#### Goal of the exercise
Return the entries below verbatim. Pictures stay out.

[Captioned web image data]
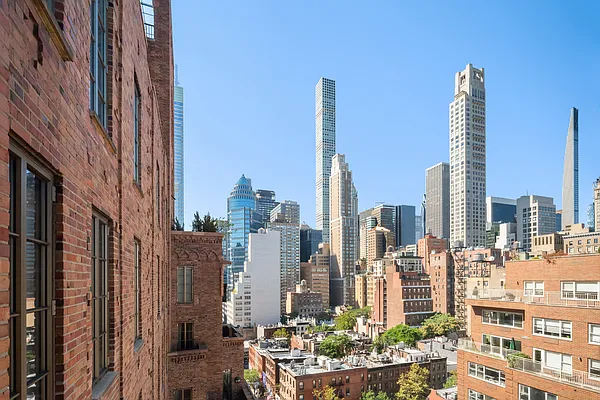 140 East 63rd Street #14A in Lenox Hill, Manhattan | StreetEasy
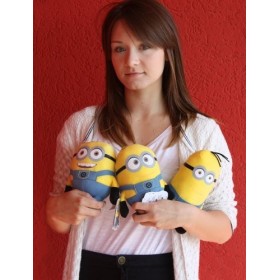 Peluche Moi Moche et Méchant 2 Minion Tim taille moyenne 
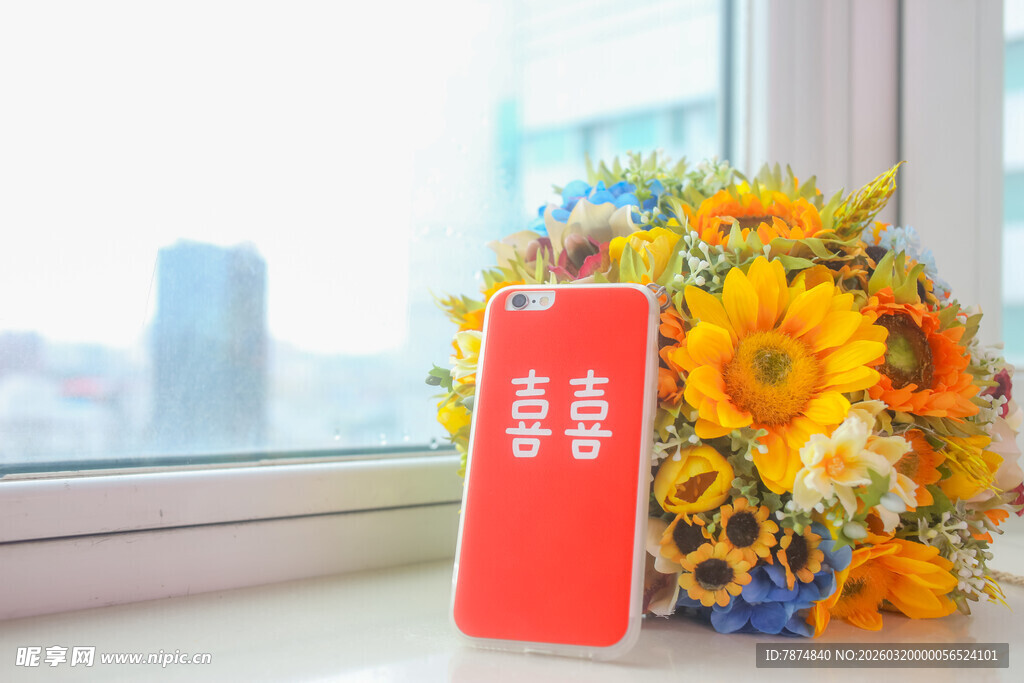 窗边喜糖与鲜花组合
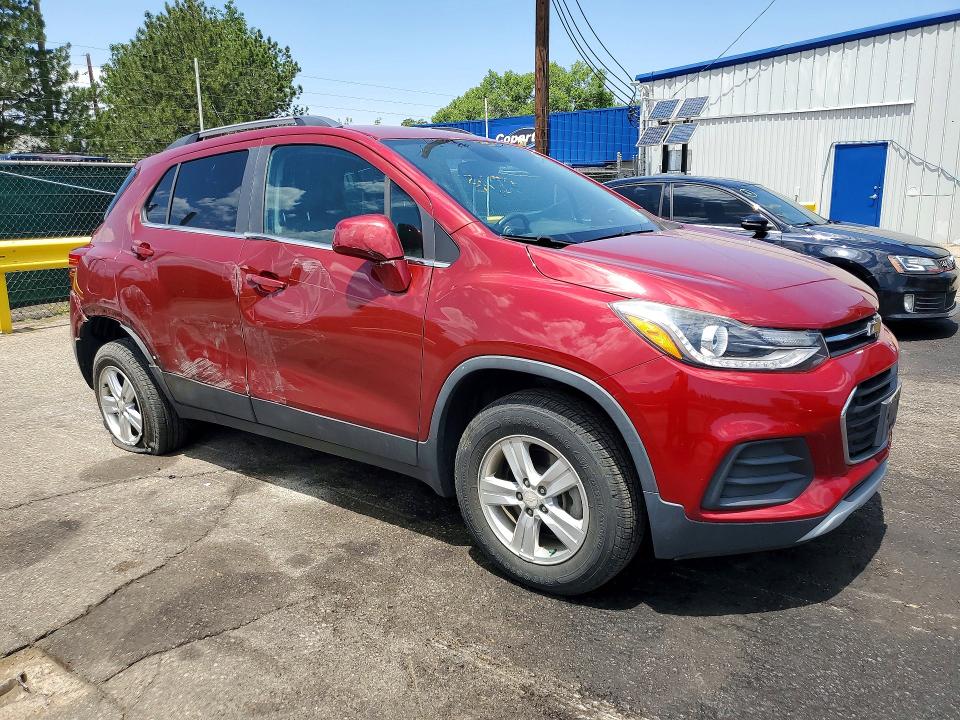 Photo 4 from auction – 2018 CHEVROLET TRAX with VIN 3GNCJPSB2JL212590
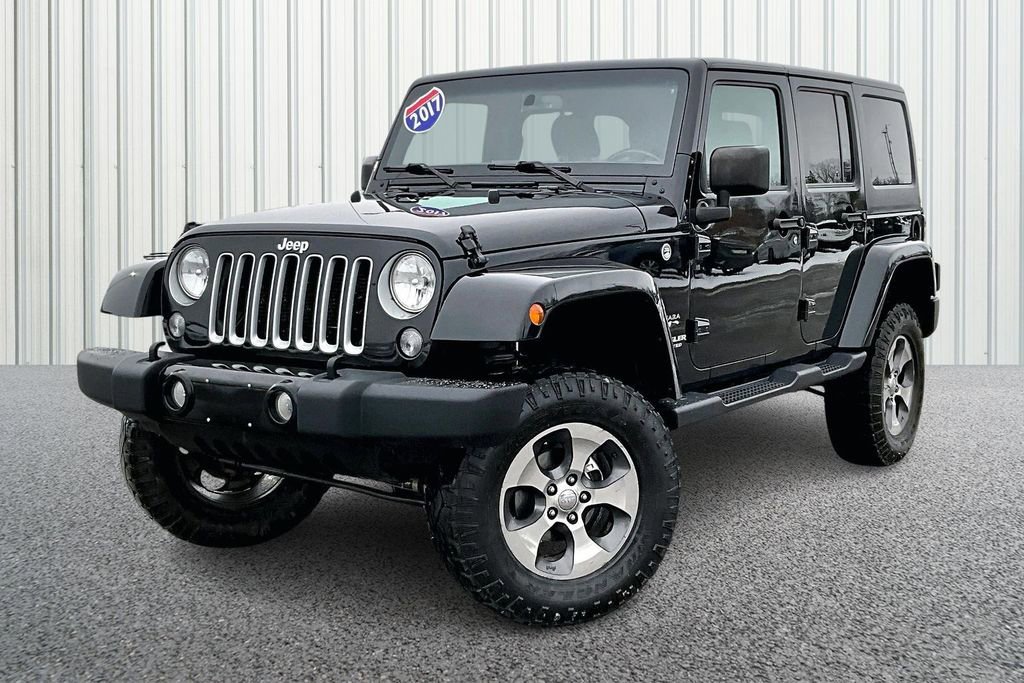 Used 2017 Jeep Wrangler Unlimited Sahara AWD/4WD image 3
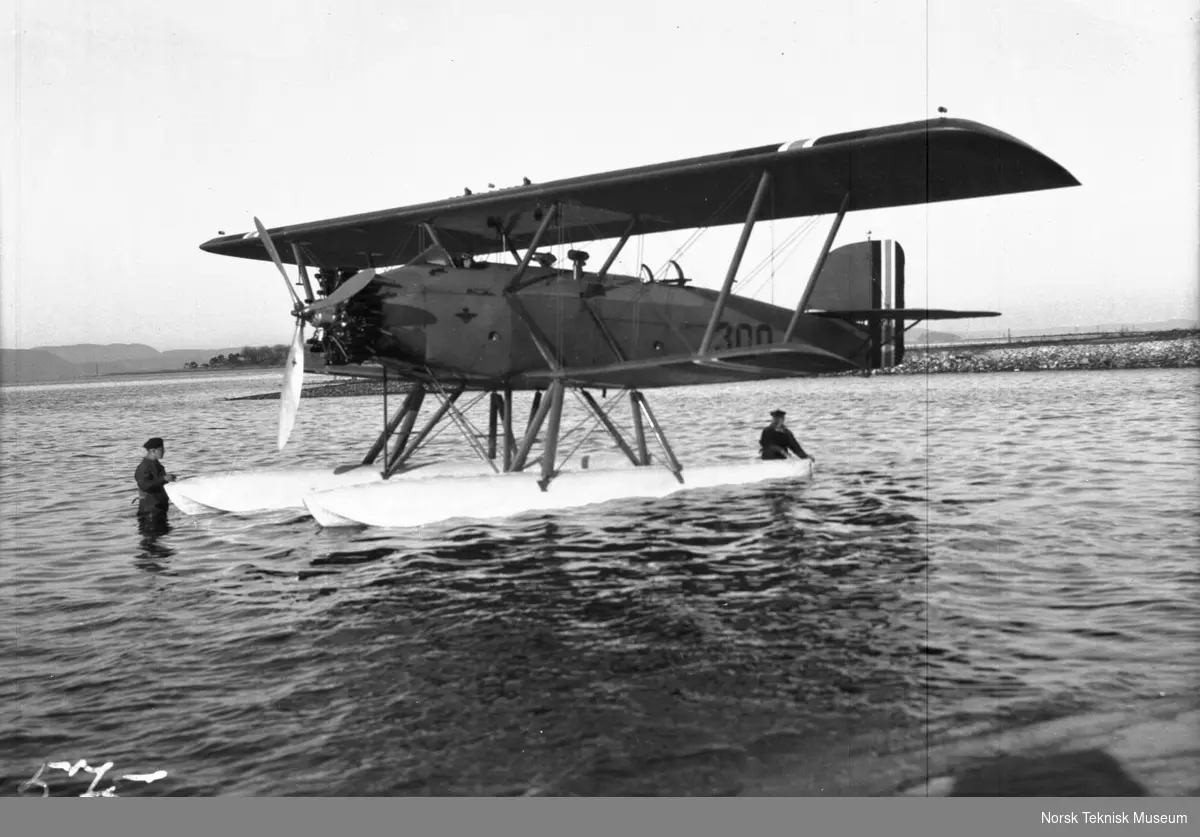 M.F.11 F 300 bygget ved Marinens Flyvebåtfabrik på vannet, 3 bl ...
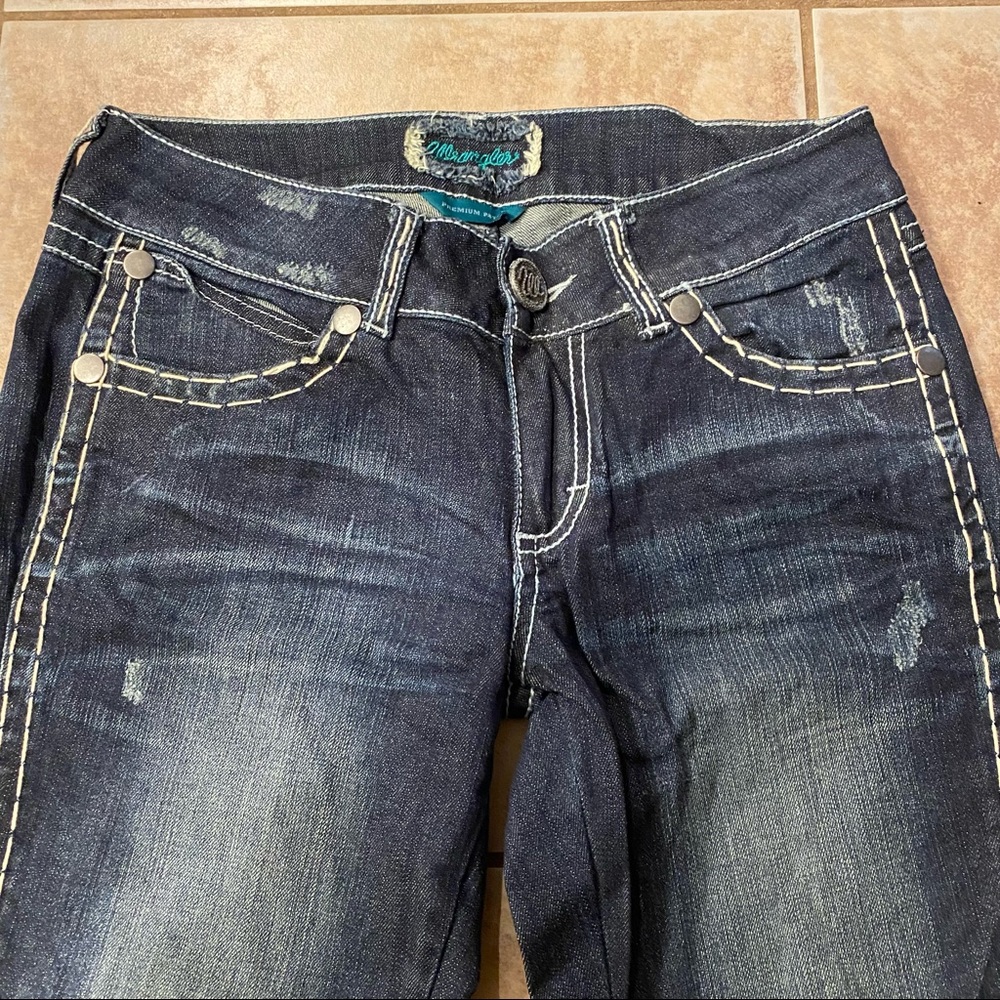 Vintage Wrangler Premium Patch denim jeans for women - Picture 4 of 13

#### Response to this task
 140 East 63rd Street #14A in Lenox Hill, Manhattan | StreetEasy
 Peluche Moi Moche et Méchant 2 Minion Tim taille moyenne 
 窗边喜糖与鲜花组合
 Photo 4 from auction – 2018 CHEVROLET TRAX with VIN 3GNCJPSB2JL212590
 Used 2017 Jeep Wrangler Unlimited Sahara AWD/4WD image 3
 M.F.11 F 300 bygget ved Marinens Flyvebåtfabrik på vannet, 3 bl ...
 Vintage Wrangler Premium Patch denim jeans for women - Picture 4 of 13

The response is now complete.